A stolen identity leads to a flock of phony Tonys and a full-blown identity crisis for the real one

By Sara Netzley
April 06, 2016 at 04:22 AM EDT
Credit: Robert Voets/CBS
S13 E20

One Very Special Agent Anthony DiNozzo is a good time. Four? Well, that’s a few Tonys too many.

The problems start when DiNozzo fills in for Gibbs at a swanky political event with Sens. Kelly and Bransfield. Kelly’s unpleasant assistant, Lisa, tries unsuccessfully to bounce him for not being on the list. It might have been better if he’d been removed, though, because a furious Bransfield calls him a despicable piece of filth and shoves an envelope of cash at him.

Back at HQ, McGee glances at the stacks of bills and correctly pegs it as $20,000. Before anybody can ask further questions, Gibbs comes running into the big orange room, calling DiNozzo’s name. He just got word that an NCIS agent was killed in a car crash.

“That’s terrible! Who died” DiNozzo asks.

“You did,” says Gibbs, ever the master of understatement.

This leads a testy Tony to cancel his credit cards while the team fills in the blanks. The dead man carried IDs with DiNozzo’s information, and his car was run off the road by a light-colored, older-model Mercedes or BMW with some kind of bumper sticker.

Once Sen. Bransfield realizes his problems vanished with his blackmailer’s death, he refuses to help NCIS get to the bottom of the fraud — particularly because it’ll keep his secret intact. But the ever-useful (and possibly extra-legal?) Abby hacked into his email, where they discover photos of him with a woman who’s definitely not his wife. As they’re snooping, a new blackmail demand lands in Bransfield’s inbox.

“There’s another phony Tony,” DiNozzo sighs.

Tracing the email reveals similar extortion messages sent to Sen. Matheson and Sen. Kelly, and the team realizes that there are three faux Tonys (Fauxnys?). Kelly’s is dead, but Bransfield’s and Matheson’s are still out there.

The team then sets out to con the cons by dressing Gibbs as Matheson and McGee as Kelly and nabbing the Fauxnys at their drops. (The resemblance between the agents and the senators is slight; you’d think the blackmailers would have photos of their targets. But pshh details.)

Under questioning, the Fauxnys admit that they’re actors and a woman hired them from Craigslist.

“She told me that I’d get to play a government agent.
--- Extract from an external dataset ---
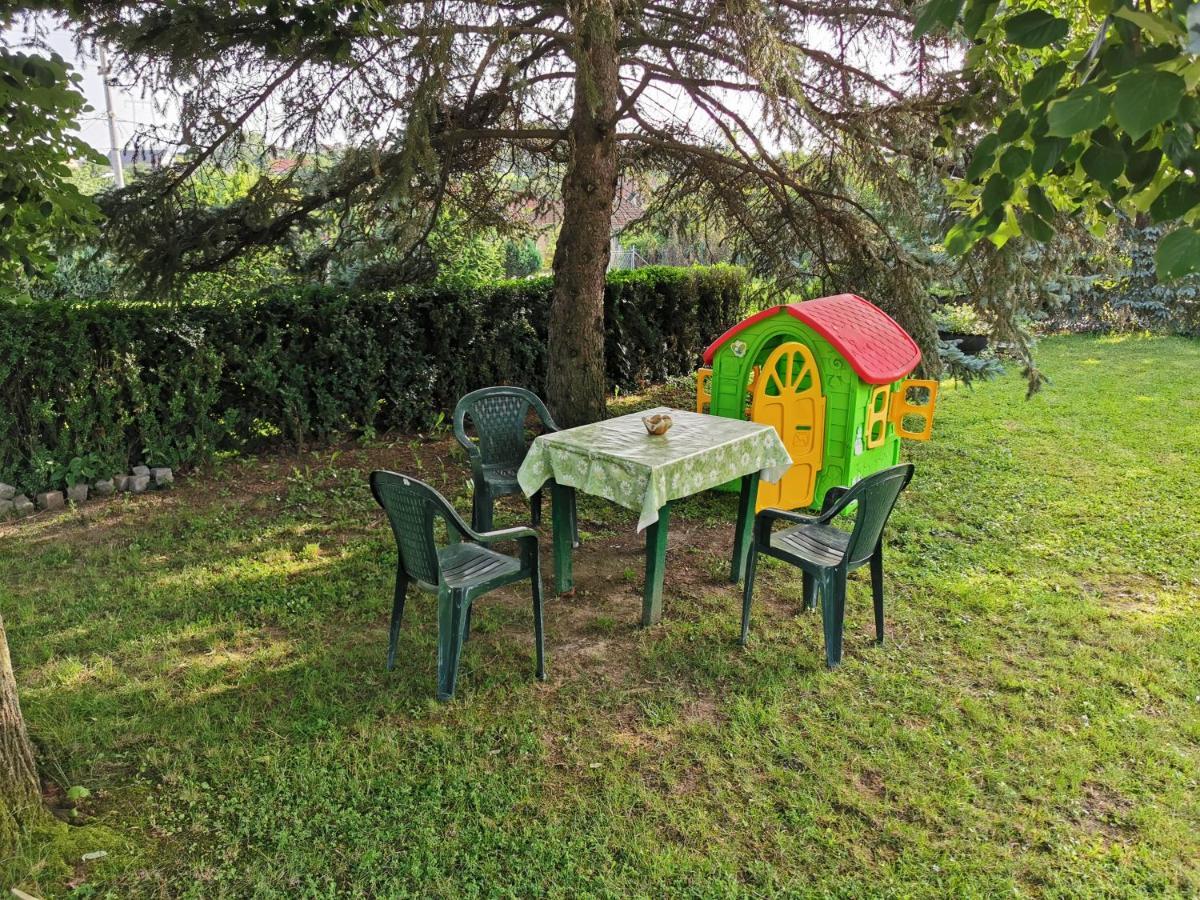 Apartments Domacinstvo Nikolic Valjevo Exterior foto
You know, like Jason Bourne. Except, of course, I get Jason Boring,” Little Fauxny says.

Then they pile on, calling DiNozzo pathetic. “You have no life,” Big Fauxny says.
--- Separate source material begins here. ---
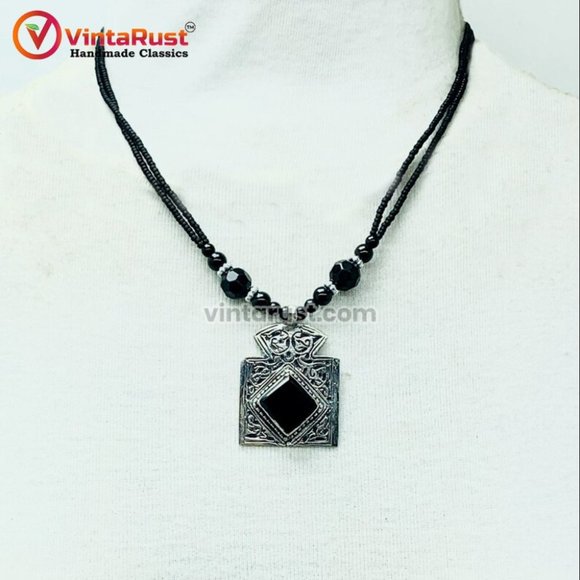 Beaded Pendant Necklace, Handmade Light Weight Necklace, Beaded Chain Pendant - Picture 4 of 7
“It’s true. You have no wife, no kids, no hobbies. Same job, same apartment. I mean, nothing changes with you,” Little Fauxny says.

“What a fun conversation,” DiNozzo snips. Poor guy. You can practically see the hamster wheel that is his brain turning, but he’s not thinking about this week’s case.

Anyway, Frick and Frack actually prove useful when they admit to dropping the money at a bus station locker with a security camera. Turns out, the woman who hired them is…drumroll…DiNozzo’s fizzled one-night stand from “After Hours”! You remember her: Blond, pretty, annoyed that DiNozzo got distracted from serenading her with Sinatra as he tried to solve the fishy self-defense murder case from three episodes ago.

Unfortunately, DiNozzo’s no help in locating her. She gave him a fake name, he tossed out the email address she gave him, and he’s had so many women at his apartment that he can’t be more specific about any details. Gibbs is not pleased that he was such an easy target (emphasis on easy) when she approached him at the bar.

“They usually do!” DiNozzo replies.

Back at his place, Abby’s dusting for fingerprints even though it’s been more than a month and many ladies have come and gone since then. DiNozzo thinks she must’ve used a flash drive or her camera phone to swipe his deets when he was in the kitchen and confesses to feeling violated — “and not the way I like.”

While dusting, Abby finds his reversible cat/dog picture.

“It’s a long story,” Tony says.

“Yeah, you pretend to have a pet to impress women,” Abby says.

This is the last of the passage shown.